This week’s guest post comes from Adam Beaty over at TheBullogic.com (definitely worth book-marking). This week, as he has done in week’s past, we have his weekly forecast which I find very helpful in getting the trading energies flowing after a nice long weekend. You can also follow Adam on Twitter too.
Well last week mixed up the markets so what can we expect from this week?
We are starting to see some in decision in the markets with the formation of two doji candles back to back. Both the bulls and the bears are fighting to have their way and neither are getting it right now. The bulls showed a lot of strength when they closed above 1276 level on Thursday. Unfortunately they were unable to push that move into Friday as the bears made sure this market wasn’t going to run away. Bulls are still fighting for the 1296 and bears seem determined for the 1276 level. With the piercing of support at 1276 I think ultimately the bears will be able to take the market down to 1262. However, when they do get it down to that level they will also be fighting the upward trendline. A break below the 1262 level will be a major shift in this market as a signifigant lower-low will be in place. If bulls manage to break 1296 they are looking at 1302 being the next major level of resistance.
The /ES on a 60min view was showing a nice head and shoulders forming at the 1273 level. On Thursday they were able to break below the neckline but unfortunately they were quickly bought back up. We could still be in the process of forming a head and shoulders pattern even though it is no longer a clean textbook pattern. We are now trading below our tight channel but we are still in the wider rising channel. Watch the price level of 1273 and a break of the rising channel for a major market shift.
The EUR/USD has been on a major market move come this last week as the continue to mix it up economic wise. This push in the EUR/USD has filled and passed the gap it created on 11/23/10. As you can see this move has also pushed it above several key resistance areas. The next line or resistance is at 1.373 but I would assume we will get a slight pullback perhaps to 1.352 before moving higher.
The GBP/USD appears to be consolidating between resistance and support as it struggles to find a direction.

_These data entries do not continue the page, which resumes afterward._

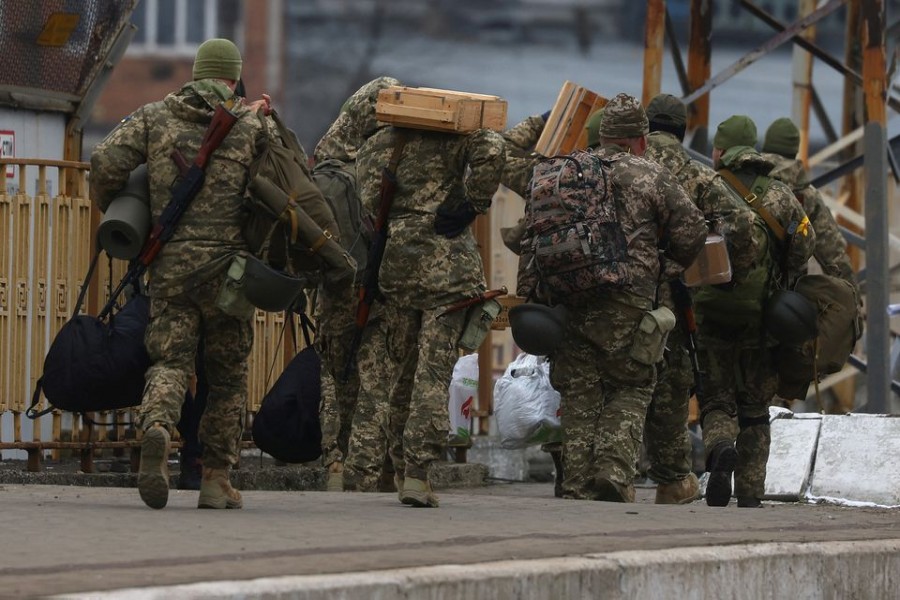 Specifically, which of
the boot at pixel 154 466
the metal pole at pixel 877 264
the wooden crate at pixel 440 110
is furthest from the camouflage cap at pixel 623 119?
the metal pole at pixel 877 264

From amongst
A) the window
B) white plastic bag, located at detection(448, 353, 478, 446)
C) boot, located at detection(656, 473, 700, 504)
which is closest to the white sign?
white plastic bag, located at detection(448, 353, 478, 446)

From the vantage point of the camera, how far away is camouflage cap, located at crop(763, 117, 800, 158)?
1177 cm

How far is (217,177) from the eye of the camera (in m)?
8.12

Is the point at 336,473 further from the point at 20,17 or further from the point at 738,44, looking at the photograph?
the point at 738,44

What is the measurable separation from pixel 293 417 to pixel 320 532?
3354mm

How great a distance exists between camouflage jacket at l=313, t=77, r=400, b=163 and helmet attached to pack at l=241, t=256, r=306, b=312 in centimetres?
176

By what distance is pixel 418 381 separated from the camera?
351 inches

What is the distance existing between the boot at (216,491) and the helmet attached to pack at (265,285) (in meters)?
0.73

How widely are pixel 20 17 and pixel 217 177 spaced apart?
12.9 ft

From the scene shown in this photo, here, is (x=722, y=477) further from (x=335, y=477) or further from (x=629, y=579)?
(x=629, y=579)

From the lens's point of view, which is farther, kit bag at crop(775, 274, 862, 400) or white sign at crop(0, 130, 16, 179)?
white sign at crop(0, 130, 16, 179)

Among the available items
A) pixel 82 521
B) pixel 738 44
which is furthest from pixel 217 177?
pixel 738 44

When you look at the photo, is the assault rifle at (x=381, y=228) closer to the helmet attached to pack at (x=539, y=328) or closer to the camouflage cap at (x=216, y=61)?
the helmet attached to pack at (x=539, y=328)

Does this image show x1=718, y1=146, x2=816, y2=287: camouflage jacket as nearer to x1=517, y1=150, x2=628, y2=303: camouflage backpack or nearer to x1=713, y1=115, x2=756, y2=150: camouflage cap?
x1=713, y1=115, x2=756, y2=150: camouflage cap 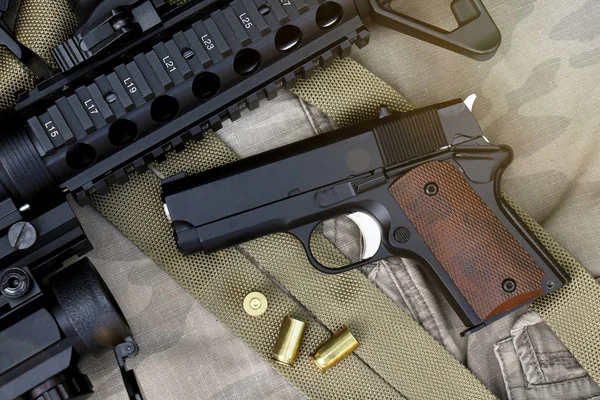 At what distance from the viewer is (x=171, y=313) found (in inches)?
105

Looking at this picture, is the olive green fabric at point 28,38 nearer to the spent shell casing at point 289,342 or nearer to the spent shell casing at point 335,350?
the spent shell casing at point 289,342

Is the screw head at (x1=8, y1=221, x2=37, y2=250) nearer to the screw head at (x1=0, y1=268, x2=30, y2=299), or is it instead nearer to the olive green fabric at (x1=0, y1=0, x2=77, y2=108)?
the screw head at (x1=0, y1=268, x2=30, y2=299)

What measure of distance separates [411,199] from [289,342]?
77 centimetres

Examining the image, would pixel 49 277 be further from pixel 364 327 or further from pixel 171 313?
pixel 364 327

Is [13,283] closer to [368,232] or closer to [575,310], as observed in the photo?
[368,232]

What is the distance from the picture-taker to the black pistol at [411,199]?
94.7 inches

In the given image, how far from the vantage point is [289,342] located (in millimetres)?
2621

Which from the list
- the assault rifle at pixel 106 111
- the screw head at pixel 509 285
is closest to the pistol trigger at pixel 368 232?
the screw head at pixel 509 285

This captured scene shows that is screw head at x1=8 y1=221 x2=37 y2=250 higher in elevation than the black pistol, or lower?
higher

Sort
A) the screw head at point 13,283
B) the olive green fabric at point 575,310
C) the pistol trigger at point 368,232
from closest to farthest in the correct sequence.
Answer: the screw head at point 13,283
the pistol trigger at point 368,232
the olive green fabric at point 575,310

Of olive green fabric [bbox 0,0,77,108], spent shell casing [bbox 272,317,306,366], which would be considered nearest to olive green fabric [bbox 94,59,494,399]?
spent shell casing [bbox 272,317,306,366]

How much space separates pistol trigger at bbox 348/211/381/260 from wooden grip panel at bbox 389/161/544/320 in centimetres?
16

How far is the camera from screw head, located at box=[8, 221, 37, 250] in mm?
2297

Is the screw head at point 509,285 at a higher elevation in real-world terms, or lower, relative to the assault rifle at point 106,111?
lower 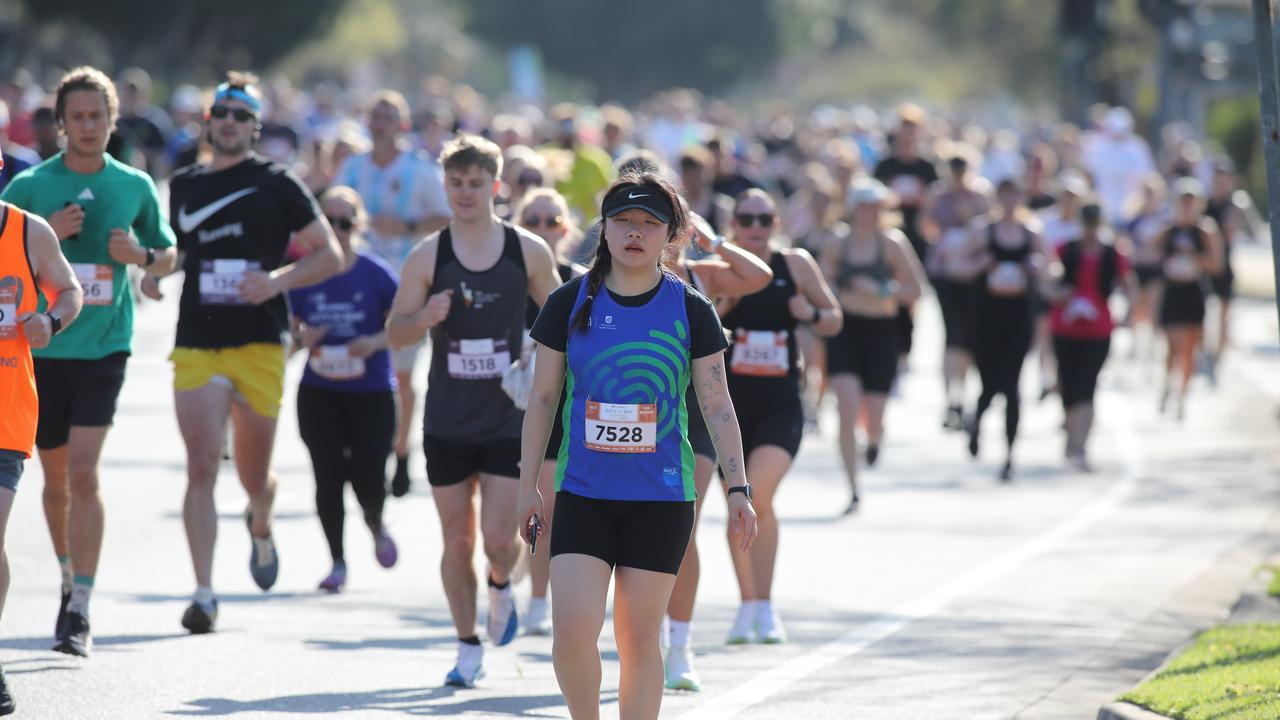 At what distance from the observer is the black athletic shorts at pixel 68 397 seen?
8789mm

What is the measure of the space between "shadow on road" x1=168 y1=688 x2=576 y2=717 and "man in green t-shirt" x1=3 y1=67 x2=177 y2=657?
1009mm

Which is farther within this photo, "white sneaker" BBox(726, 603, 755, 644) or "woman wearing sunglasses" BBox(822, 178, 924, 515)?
"woman wearing sunglasses" BBox(822, 178, 924, 515)

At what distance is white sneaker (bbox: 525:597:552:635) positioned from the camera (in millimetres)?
9805

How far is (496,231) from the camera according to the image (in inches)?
340

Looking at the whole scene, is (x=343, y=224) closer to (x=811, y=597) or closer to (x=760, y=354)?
(x=760, y=354)

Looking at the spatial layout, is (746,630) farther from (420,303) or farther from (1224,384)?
(1224,384)

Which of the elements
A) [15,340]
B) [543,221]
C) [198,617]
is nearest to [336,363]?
[543,221]

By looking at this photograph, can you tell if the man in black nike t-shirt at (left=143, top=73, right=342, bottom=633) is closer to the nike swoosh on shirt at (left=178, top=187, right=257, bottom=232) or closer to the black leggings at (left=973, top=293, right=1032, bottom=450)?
the nike swoosh on shirt at (left=178, top=187, right=257, bottom=232)

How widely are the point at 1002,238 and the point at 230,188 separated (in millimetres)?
8592

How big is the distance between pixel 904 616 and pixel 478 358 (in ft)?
9.96

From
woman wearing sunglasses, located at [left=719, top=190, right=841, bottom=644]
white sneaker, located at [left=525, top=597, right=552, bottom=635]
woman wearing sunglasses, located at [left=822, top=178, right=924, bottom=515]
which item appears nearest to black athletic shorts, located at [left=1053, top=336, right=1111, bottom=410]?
woman wearing sunglasses, located at [left=822, top=178, right=924, bottom=515]

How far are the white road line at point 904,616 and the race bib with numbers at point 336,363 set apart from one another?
271cm

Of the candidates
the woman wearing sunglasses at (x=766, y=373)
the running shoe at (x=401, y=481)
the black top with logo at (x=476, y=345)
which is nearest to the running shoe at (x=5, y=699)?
the black top with logo at (x=476, y=345)

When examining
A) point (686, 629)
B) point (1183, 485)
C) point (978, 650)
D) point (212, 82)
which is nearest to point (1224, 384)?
point (1183, 485) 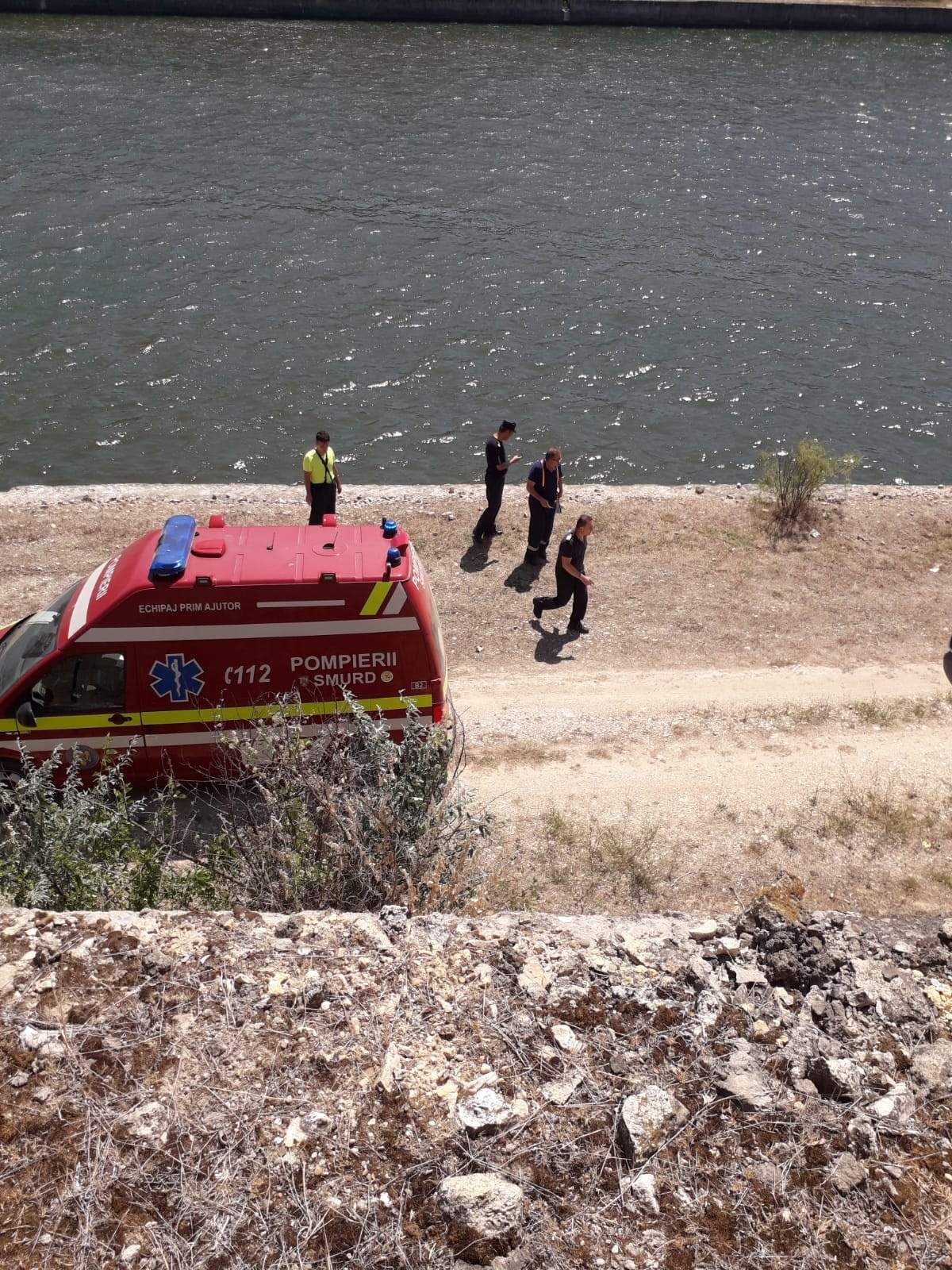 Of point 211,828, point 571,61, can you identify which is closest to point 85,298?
point 211,828

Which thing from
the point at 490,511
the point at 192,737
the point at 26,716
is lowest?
the point at 490,511

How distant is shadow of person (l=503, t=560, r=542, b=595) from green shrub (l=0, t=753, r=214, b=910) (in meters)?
6.86

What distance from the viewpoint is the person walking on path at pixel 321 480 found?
1284cm

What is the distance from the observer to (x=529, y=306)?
2377cm

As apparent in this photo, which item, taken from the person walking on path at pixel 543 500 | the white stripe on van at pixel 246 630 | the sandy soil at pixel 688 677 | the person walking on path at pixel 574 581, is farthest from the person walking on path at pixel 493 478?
the white stripe on van at pixel 246 630

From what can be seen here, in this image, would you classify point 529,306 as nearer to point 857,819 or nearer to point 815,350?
point 815,350

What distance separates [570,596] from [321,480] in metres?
3.39

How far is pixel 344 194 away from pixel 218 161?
470 centimetres

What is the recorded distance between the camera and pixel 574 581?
12.1 meters

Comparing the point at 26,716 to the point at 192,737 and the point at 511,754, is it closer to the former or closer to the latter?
the point at 192,737

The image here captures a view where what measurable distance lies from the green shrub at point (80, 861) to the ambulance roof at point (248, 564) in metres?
1.97

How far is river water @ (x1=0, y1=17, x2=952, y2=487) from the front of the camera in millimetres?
19797

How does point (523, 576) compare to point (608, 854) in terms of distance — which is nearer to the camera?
point (608, 854)

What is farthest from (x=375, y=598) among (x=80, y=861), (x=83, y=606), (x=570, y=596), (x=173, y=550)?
(x=570, y=596)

It did close above the 1.599 resistance yesterday so we will have to see if it holds in the upcoming week. The next level of resistance is at 1.61 and then 1.63. It will look to continue to hold the 1.58 level this week. The break of this level will be a sign of weakness and could ultimately complete the head and shoulders pattern currently forming.
Over the past couple of weeks the USD/JPY had been forming a textbook bull flag and broke out of its pattern last Thursday. Unfortunately the breakout was not strong enough to push it above the 50 day moving average. As we continue to see the 50 day moving average plays a major support and resistance level in this currency pair. Again on Friday we saw a sell off at the 50 day. Continue to watch for a break in the moving average for a sign of a market direction change. A break of the 50 day puts the resistance back at the Fibonacci Retracement 23.6% ($83.67). Another move lower would put support at 81.99 which has been another strong price level.
The NYSI Reversal Indicator has always been a strong indicator to show market shifts. As you can see we have moved through the extreme levels and now looking for a cross and a move back down. This is not a good location to enter more long positions and should tighten up any stops on any longs you have out there. Now is a good time to pick up a couple of short positions to ride the market lower.
Economic Reports Due This Week:
Monday: Nothing major
Tuesday: Case-Shiller HPI (800am cst), Consumer Confidence (900am cst)
Wednesday: New Home Sales (900am cst), FOMC Meeting Announcement (115pm cst)
Thursday: Durable Goods Orders (730am cst), Jobless Claims (730am cst), Pending Home Sales (900am cst)
Friday: GDP (730am cst), Employment Cost Index (730am cst), Consumer Sentiment (855am cst)
As you can see we have a busy week of economic reports and we will report on each of those every morning in the Morning Madness.
The markets look like they are prime for a shift downward as the market will begin to correct itself. Major levels in the S&P 500 that need to be taken for the bears are 1276 and 1262. The bulls will continue to look to drive this market up by taking 1296 and heading for 1302. We are still in the heart of earnings season so be sure to know when your company releases earnings if you plan to long or short anyone. I wouldn’t look to take any new long positions at least until the bulls pour some strength into this market. Dip buying has been a bit light in the last week so I would continue to be cautious of it moving forward.